Climatic conditions

Hydrophysical regime

Other seasonal influences

Hydrophysical regime

Responses Common to Both Biotope Complexes

The hydrophysical regime is very variable and, while it is possible to consider ‘average’ exposure, it is essential to recognise that for both biotope complexes and particularly subtidal sandbanks, extreme conditions have profound effects (Hiscock, 1983), even when they only persist for a short length of time. Water movement due to wave action is the more erratic because it fluctuates considerably on a seasonal basis. Movements caused by tides and currents varies in regular patterns but it is not only the strength but also the type of movement that affects the distribution of marine organisms. Uni-directional, multi-directional and oscillatory movements each represents a different type of stress or confer particular advantages (Wood, 1987). Storm events will inflict extreme changes in wave action both in terms of strength and direction (Pethick, 1984; Carter, 1984).

Both these intertidal and subtidal biotope complexes will be sensitive to changes in the hydrophysical environment (see Chapter II). For example, periodic increases in wave action can severely alter the appearance of the intertidal region as the top 20cm of sand can be removed by storm events (Dolphin et al, 1995). Such storms are an important mechanism which can re-sort the sediment, leaving coarser particles, and release of sediment-sequestered contaminants (Dolphin et al, 1995).

Increased wave action causes stress to the infauna by disrupting feeding and burrowing activities and reduces species richness, abundance and biomass. The infauna are sensitive to changes in sediment as many are adapted to burrow through certain grades of sediment (Trueman & Ansell, 1969). Coarse material is more difficult to burrow through and species have to be robust in order to survive the stronger currents/wave action in these areas. Changes in sedimentary features may also influence the trophic status of the infauna and the proportions of suspension and deposit feeding animals (Sanders, 1968). The distribution of suspension feeders is greatly affected by sediment instability and they are sensitive to increases in the silt/clay content of the substratum and suspended sediment. In turn, changes to the infauna will affect the predators (Chapter III).

Changes in the hydrophysical regime and thus substratum will change the faunal composition of the biotope complex. Major changes in the former will produce mortality and reduce species richness. Although many species are capable of living in a variety of substrata, the species most affected will be those which are restricted to a particular grade of sediment.

Intertidal Sand and Mudflats

The strength of wave action affects the topography (as flatness/steepness and shore width) of the intertidal area therefore a significant change in wave action will affect the physical and biological integrity of that habitat and the exposure regime. The topography of the shore is equally important as flatter shores dissipate energy and generally have a more stable fauna (McLachlan, 1993). For example, the exposure of the intertidal flats on the Severn estuary to the prevailing gales, together with the large tidal range, caused large areas of surface mud and hence its invertebrates to be removed (Ferns, 1983). Many of the shorebirds moved temporarily to other, more sheltered areas.

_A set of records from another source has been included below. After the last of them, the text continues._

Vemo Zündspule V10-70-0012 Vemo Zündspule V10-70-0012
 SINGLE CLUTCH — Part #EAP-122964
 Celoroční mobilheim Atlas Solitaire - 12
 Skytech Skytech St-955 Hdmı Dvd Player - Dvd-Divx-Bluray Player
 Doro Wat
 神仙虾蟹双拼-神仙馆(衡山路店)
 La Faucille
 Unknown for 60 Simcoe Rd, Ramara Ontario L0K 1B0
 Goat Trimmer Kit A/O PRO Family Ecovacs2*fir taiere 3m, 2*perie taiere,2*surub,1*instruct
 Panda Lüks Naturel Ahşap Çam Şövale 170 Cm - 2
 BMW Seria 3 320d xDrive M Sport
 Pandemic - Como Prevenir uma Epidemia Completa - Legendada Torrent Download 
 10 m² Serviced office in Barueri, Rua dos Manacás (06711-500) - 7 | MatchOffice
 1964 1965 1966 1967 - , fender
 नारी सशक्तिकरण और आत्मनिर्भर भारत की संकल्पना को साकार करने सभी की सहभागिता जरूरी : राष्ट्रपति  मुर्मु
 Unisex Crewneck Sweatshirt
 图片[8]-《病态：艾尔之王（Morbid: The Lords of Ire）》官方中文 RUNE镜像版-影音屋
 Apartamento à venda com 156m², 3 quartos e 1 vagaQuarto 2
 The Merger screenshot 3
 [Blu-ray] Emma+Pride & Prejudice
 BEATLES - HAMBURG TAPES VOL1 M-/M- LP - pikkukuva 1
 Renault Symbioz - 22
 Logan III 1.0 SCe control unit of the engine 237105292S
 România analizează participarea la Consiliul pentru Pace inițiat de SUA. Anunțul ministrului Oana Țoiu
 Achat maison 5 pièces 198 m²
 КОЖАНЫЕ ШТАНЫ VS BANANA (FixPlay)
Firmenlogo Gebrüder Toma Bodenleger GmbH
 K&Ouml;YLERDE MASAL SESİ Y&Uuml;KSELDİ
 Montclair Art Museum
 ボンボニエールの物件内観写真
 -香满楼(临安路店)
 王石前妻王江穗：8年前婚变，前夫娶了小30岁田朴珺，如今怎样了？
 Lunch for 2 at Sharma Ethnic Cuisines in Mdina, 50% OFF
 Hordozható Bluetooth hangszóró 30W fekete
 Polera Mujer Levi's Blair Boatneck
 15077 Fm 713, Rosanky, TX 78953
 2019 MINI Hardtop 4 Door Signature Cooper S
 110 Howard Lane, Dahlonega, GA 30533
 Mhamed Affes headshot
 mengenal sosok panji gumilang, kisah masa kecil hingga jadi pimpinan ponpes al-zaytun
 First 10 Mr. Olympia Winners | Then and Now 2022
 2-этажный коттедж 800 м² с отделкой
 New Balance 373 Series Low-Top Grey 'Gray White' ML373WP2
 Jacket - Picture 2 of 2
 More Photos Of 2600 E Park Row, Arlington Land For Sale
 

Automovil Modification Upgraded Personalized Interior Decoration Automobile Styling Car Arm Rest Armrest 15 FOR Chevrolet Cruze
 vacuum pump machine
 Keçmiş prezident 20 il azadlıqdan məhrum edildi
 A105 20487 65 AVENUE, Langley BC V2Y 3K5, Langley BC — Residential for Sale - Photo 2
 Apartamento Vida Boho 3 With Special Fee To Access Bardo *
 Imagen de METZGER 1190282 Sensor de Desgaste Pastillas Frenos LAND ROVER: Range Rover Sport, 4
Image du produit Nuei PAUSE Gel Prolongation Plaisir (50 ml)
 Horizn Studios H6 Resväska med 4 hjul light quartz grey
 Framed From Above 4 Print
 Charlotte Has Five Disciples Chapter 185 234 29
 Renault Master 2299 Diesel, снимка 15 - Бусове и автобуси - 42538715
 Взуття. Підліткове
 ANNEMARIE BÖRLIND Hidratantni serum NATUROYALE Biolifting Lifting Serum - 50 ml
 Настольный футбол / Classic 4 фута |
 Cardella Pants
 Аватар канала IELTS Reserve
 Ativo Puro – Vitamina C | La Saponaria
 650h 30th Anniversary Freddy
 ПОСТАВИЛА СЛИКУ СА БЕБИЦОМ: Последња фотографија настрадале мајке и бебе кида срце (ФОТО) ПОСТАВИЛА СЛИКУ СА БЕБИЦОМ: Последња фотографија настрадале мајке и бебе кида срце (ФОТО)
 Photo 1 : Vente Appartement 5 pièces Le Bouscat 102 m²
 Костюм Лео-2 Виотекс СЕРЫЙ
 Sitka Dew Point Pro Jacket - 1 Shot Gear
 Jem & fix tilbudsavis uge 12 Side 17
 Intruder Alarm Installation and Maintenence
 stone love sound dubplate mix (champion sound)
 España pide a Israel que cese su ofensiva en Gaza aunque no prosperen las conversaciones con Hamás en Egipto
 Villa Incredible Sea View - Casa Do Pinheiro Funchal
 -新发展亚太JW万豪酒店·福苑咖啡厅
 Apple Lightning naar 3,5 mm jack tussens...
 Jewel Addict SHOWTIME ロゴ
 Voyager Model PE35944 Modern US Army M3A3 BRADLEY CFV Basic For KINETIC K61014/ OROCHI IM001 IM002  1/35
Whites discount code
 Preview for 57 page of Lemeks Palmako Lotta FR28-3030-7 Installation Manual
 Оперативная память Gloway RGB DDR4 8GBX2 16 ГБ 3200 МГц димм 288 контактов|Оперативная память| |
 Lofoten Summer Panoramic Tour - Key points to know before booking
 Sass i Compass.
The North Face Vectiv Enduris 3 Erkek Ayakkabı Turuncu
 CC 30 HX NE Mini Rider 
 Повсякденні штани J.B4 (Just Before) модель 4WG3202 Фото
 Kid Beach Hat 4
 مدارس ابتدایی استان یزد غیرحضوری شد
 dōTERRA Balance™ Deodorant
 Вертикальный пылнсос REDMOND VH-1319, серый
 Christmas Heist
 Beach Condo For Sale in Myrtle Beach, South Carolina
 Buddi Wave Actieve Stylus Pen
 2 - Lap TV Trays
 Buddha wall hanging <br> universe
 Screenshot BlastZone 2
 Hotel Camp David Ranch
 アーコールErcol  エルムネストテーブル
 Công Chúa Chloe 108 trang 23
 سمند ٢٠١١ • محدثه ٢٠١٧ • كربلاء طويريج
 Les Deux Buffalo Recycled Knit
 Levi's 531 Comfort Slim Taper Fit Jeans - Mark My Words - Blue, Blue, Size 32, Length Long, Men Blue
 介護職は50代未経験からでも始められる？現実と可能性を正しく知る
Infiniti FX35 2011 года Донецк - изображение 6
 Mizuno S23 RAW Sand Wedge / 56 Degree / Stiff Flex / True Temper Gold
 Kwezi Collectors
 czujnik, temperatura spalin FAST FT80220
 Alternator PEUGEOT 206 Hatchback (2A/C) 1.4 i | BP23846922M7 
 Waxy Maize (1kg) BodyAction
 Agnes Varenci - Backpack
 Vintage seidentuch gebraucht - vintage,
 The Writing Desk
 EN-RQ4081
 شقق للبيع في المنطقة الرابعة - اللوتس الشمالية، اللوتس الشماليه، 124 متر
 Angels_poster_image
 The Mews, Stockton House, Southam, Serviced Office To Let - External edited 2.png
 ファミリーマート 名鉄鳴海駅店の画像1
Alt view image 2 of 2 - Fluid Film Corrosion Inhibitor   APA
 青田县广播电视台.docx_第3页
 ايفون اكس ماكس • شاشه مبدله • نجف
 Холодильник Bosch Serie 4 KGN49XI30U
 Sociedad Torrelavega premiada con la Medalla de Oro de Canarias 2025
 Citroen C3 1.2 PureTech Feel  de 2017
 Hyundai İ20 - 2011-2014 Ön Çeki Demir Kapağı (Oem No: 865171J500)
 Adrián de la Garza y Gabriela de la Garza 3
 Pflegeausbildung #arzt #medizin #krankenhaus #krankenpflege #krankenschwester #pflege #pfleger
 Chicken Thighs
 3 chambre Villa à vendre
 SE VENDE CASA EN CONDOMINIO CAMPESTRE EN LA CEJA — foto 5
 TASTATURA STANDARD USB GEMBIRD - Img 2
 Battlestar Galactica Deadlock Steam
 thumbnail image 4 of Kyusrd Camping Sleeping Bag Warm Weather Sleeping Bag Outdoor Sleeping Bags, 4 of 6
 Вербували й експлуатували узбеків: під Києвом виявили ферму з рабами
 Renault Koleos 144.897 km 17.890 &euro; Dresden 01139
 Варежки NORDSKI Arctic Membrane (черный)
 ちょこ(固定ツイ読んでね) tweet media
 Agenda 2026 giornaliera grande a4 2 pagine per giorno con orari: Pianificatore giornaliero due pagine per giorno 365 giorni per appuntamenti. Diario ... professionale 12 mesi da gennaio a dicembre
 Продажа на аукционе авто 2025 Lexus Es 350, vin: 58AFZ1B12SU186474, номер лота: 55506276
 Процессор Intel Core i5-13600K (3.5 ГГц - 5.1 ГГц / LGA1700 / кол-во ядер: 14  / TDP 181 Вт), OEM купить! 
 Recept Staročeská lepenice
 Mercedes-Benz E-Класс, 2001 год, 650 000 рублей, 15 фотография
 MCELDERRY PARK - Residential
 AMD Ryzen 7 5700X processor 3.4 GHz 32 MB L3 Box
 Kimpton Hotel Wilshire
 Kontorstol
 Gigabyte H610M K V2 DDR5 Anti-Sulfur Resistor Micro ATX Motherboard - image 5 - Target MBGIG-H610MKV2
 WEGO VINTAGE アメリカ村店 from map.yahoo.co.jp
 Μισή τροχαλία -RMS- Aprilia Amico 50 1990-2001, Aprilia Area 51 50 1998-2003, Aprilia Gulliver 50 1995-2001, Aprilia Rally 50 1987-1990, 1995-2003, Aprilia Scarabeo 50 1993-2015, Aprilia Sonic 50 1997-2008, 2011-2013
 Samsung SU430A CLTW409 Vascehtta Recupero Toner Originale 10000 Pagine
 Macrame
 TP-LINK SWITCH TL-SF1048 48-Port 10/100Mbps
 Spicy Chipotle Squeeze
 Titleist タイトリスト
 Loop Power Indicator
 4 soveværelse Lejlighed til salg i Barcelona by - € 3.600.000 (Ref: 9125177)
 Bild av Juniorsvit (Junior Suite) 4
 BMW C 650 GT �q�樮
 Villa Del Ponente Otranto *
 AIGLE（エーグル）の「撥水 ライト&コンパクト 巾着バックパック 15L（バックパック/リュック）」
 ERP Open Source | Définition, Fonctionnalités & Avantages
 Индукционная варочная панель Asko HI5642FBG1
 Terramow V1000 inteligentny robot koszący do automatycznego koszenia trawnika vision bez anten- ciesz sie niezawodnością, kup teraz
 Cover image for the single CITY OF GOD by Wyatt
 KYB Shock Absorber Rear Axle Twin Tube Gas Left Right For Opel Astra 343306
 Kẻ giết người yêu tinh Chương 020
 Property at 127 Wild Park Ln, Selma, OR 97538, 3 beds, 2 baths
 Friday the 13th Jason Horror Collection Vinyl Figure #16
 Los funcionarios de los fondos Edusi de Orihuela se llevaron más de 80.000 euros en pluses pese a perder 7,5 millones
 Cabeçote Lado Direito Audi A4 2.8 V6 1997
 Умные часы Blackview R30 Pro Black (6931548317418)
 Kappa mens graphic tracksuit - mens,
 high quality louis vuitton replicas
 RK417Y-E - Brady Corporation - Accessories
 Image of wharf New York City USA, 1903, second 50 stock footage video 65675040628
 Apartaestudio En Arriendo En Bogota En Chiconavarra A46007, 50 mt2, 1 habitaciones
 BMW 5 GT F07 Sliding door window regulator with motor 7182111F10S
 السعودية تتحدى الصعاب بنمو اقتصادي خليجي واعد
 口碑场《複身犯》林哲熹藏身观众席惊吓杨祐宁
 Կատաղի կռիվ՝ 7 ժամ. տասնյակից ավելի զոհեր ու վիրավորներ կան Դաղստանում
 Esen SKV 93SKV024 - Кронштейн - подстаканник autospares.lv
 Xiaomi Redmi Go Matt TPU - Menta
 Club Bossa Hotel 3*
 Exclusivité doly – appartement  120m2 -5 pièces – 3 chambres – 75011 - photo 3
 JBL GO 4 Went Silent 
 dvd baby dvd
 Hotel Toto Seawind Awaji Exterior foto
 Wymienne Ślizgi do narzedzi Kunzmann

Intertidal mudflats are by definition sheltered environments and hence relatively stable in sedimentary terms. Any increase or decrease in grain size, silt content etc. will affect species numbers/richness but these should return to normal levels if the disturbance is temporary. In addition, the sedimentary heterogeneous nature of mudflats reflects the species greater tolerance of different particle sizes. The high bioturbatory potential of mudflat organisms (see Chapter III) will decrease their sensitivity to sediment changes such as smothering by any influx of new sediment.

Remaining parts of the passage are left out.